If you expect your income to increase during the duration of your mortgage, an Interest-Only loan may be the best choice. With interest-only loans, you start out with a low monthly payment, since you are not paying the principle of the loan. There is a designated period for the interest-only payment; once that period expires you will be responsible for principle plus interest, which will be a significant increase over your previous payments.

Make sure your interest-only loan has no prepayment penalty so that you can begin to make principle payments at any time. Interest-only loans are wise choices for people who want to use the money they are saving to diversify their investment portfolios or who plan to refinance a few years down the road.

No-Doc Loan

“Doc” is short for document and, when you take out a no-doc loan, you avoid having to compile the paperwork needed for traditional mortgages. You don’t need to document your assets or income; simply declare your income and provide a social security number. The lender makes the decision based on that information and your credit score.

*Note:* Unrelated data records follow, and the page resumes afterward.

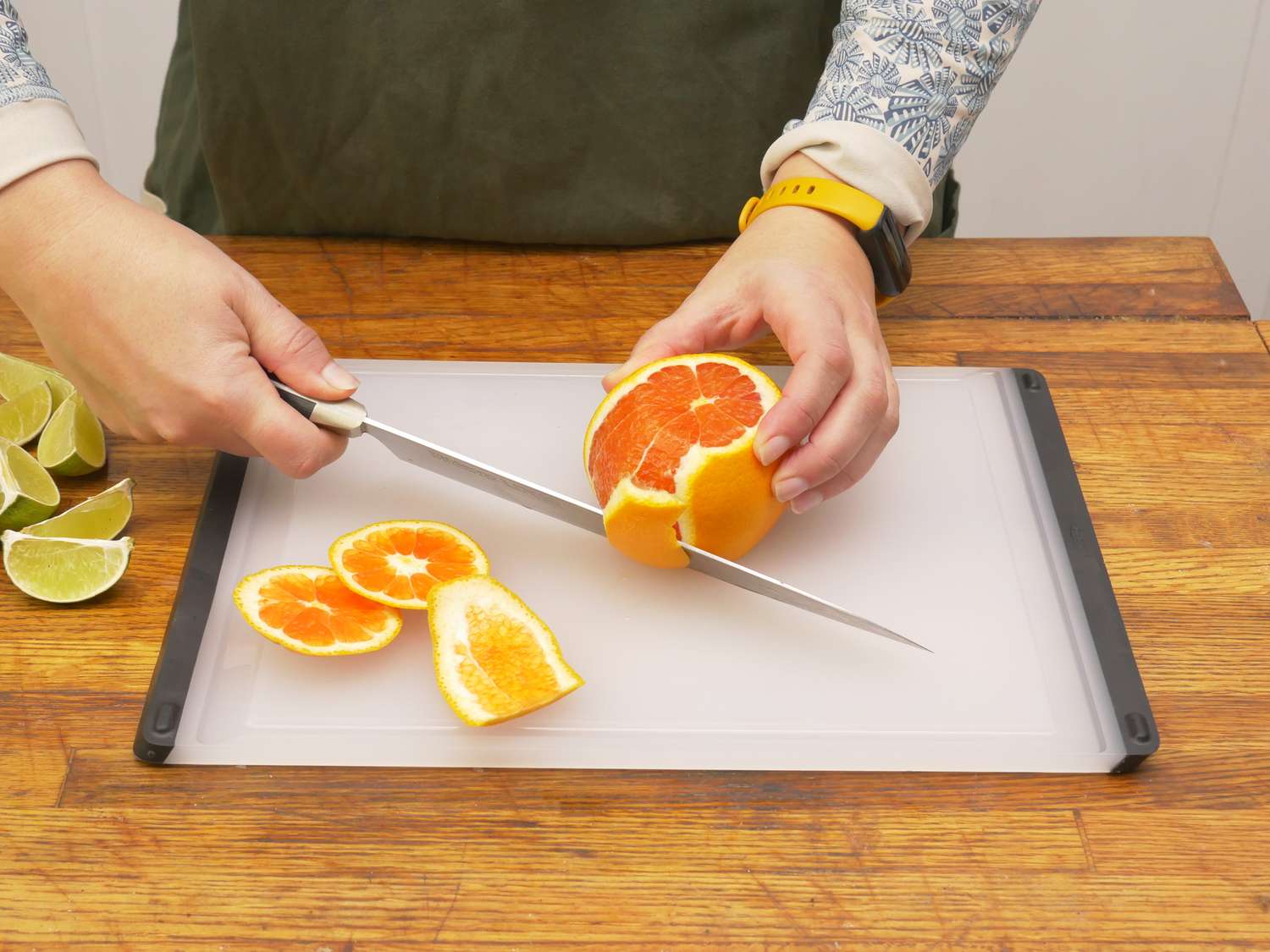 a person slicing the peel from an orange on the oxo cutting board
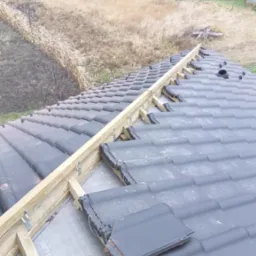 Montaż dachówki ceramicznej na drewnianej konstrukcji z folią w tle wiejskiego krajobrazu. Widok z góry na fragment dachu w trakcie prac dekarskich.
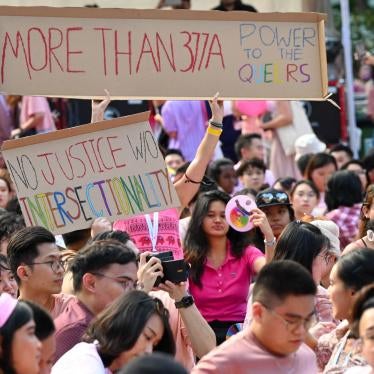 Demonstrators hold pro-LGBT signs at a rally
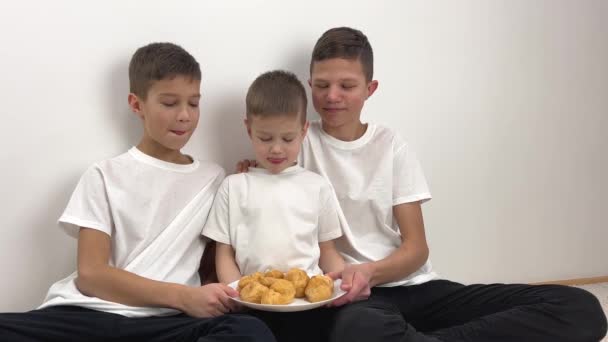 Три Симпатичных Мальчика Братья Едят Эклеры Дома Солнечная Гостиная Три — стоковое видео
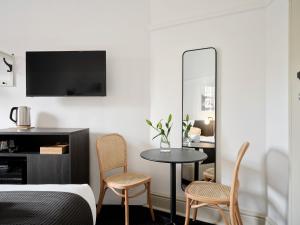 a bedroom with a table and two chairs and a mirror at Dunkirk Hotel Pyrmont in Sydney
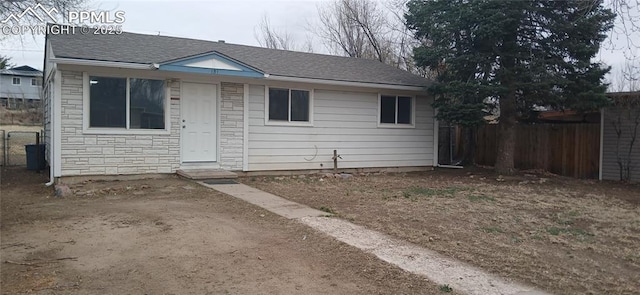 131 Hayes Dr, Colorado Springs, CO 80911 - view of front of home featuring stone siding and fence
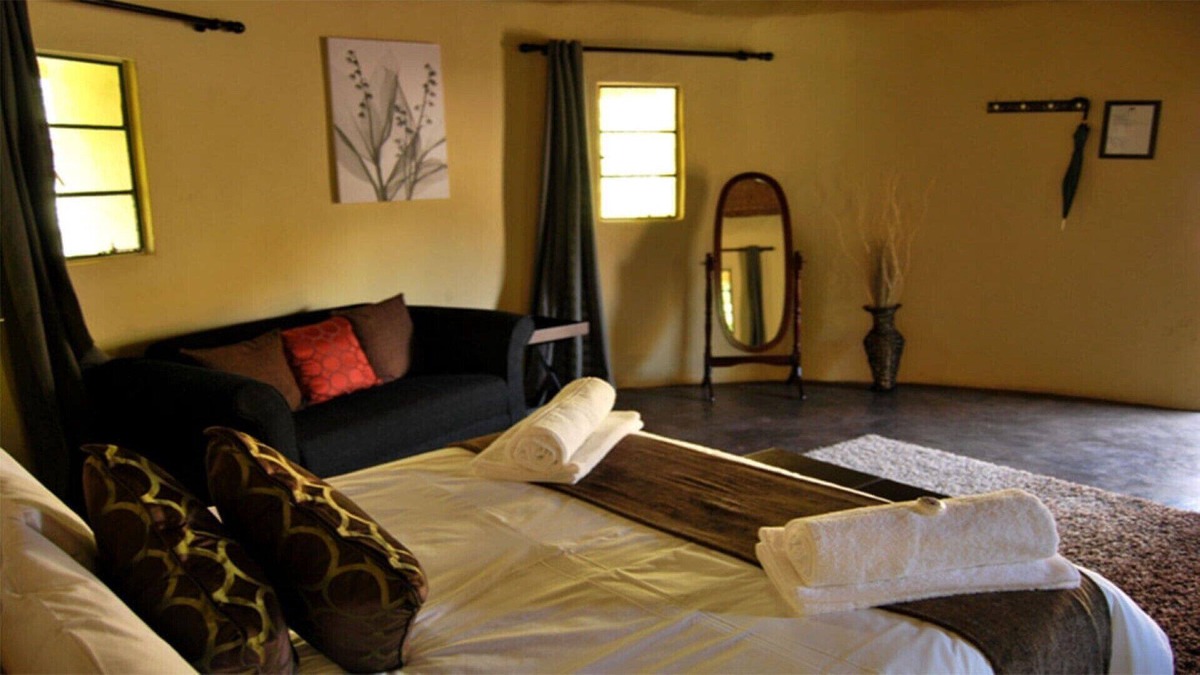 Leribe District House | The Queen-Size-Bed Riverside Huts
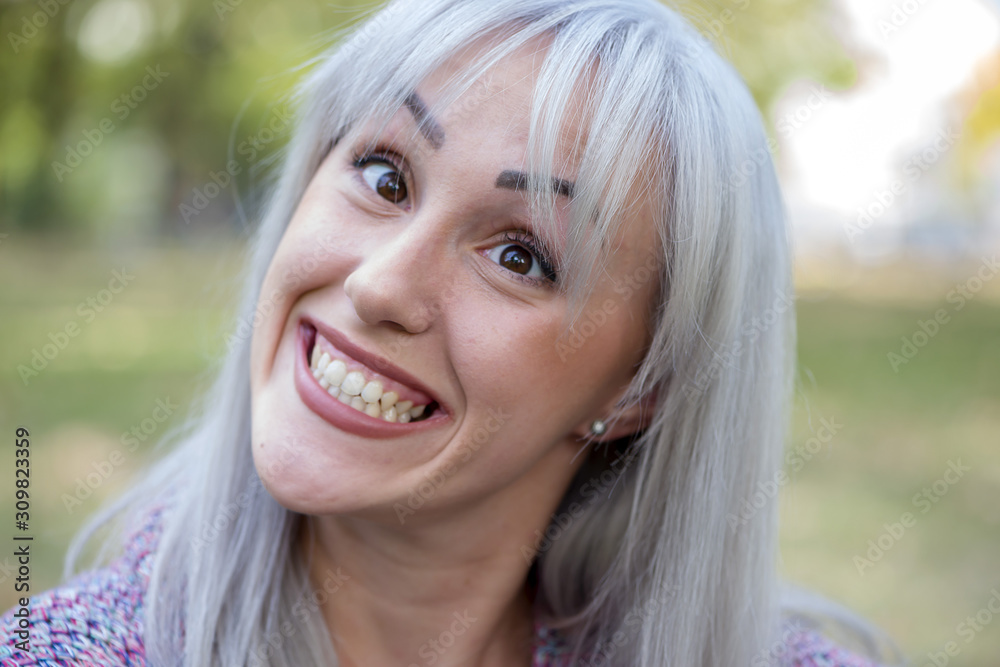 Fototapeta premium Outdoors portrait of a woman making funny faces. Silver hair.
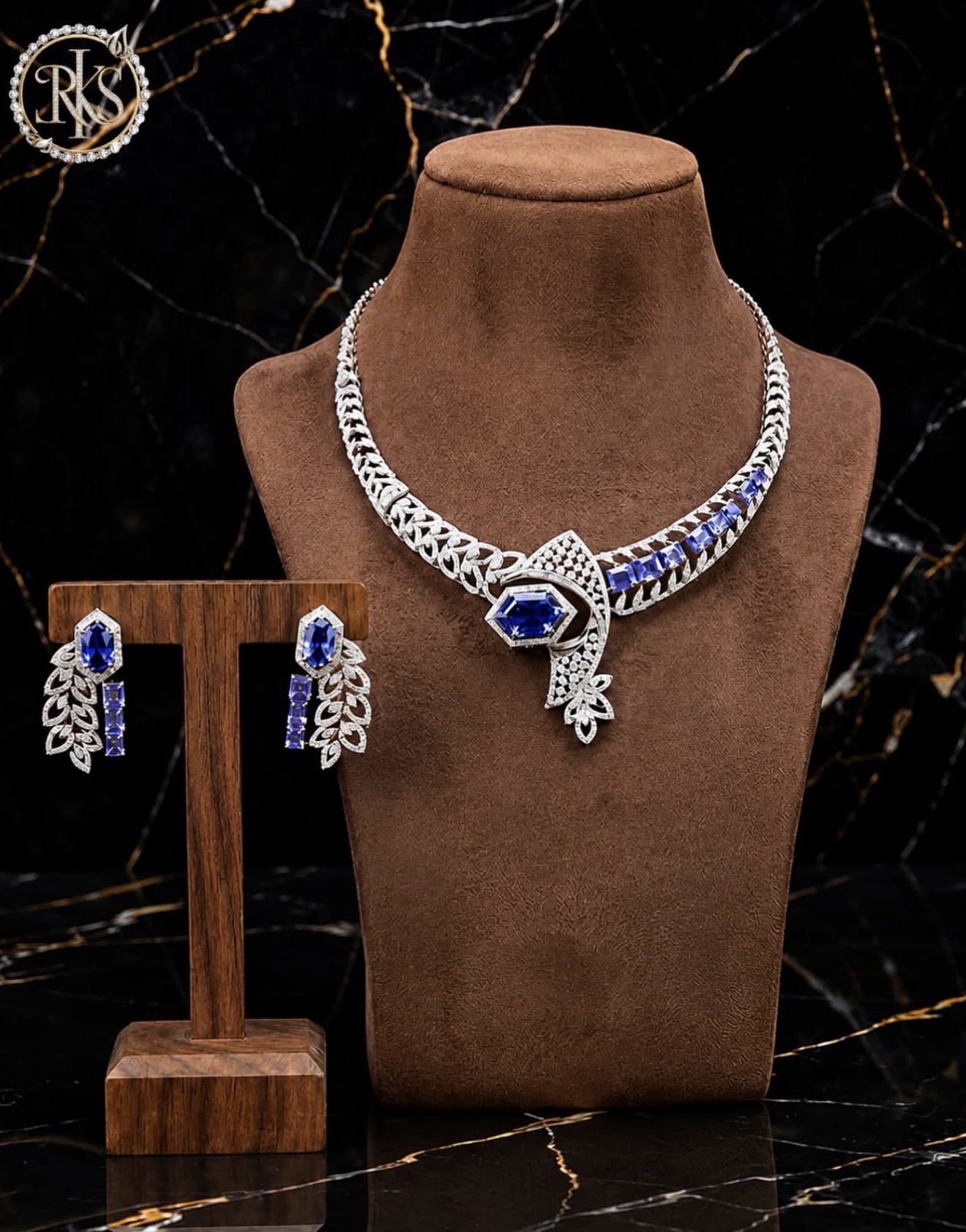 White-gold blue-stone necklace and earring suite on display bust — Ramesh Kapoor & Sons Jewellers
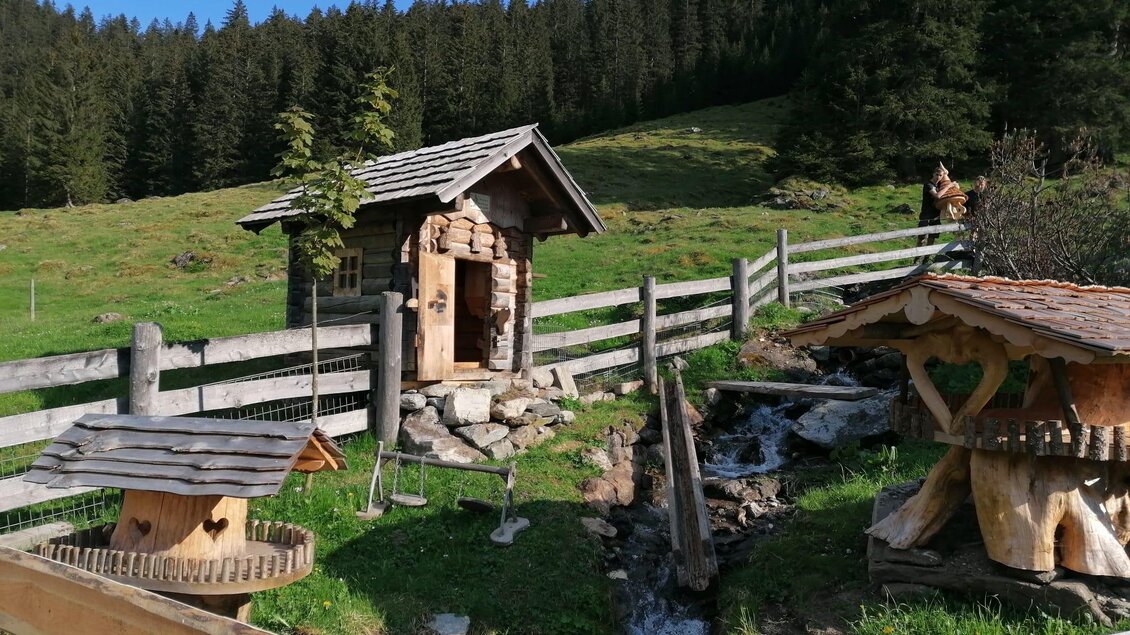 Eine idyllische Landschaft mit einem kleinen Holzhaus und verschönerten Futterhäuschen. Im Hintergrund sind Bäume und eine saftige Wiese zu sehen. | © Nicole Leitgab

As you might expect, no-docs carry higher interest rates than conventional mortgages. To qualify you must have an excellent credit score. No-docs are a good alternative for:

  • Someone whose income is difficult to document
  • Those who can’t show two consecutive years of employment
  • A person living off an inheritance
  • Anyone who has a complex financial situation

Balloon Mortgage

Balloon mortgages have very short terms, usually 5 to 7 years, but your monthly payment is based on a 30 year amortization. At the end of the mortgage term, you are responsible for the outstanding balance, so you must be prepared to pay off the loan, sell your home, or refinance.

Advantages of balloon mortgages are that they generally carry a lower interest rate than a FRM or an ARM, and you may have an easier time qualifying for a balloon than for the other two.

Want to know more about some of the less-common types of mortgages, like Balloon or No-Doc loans? Just contact us—we've got the answers.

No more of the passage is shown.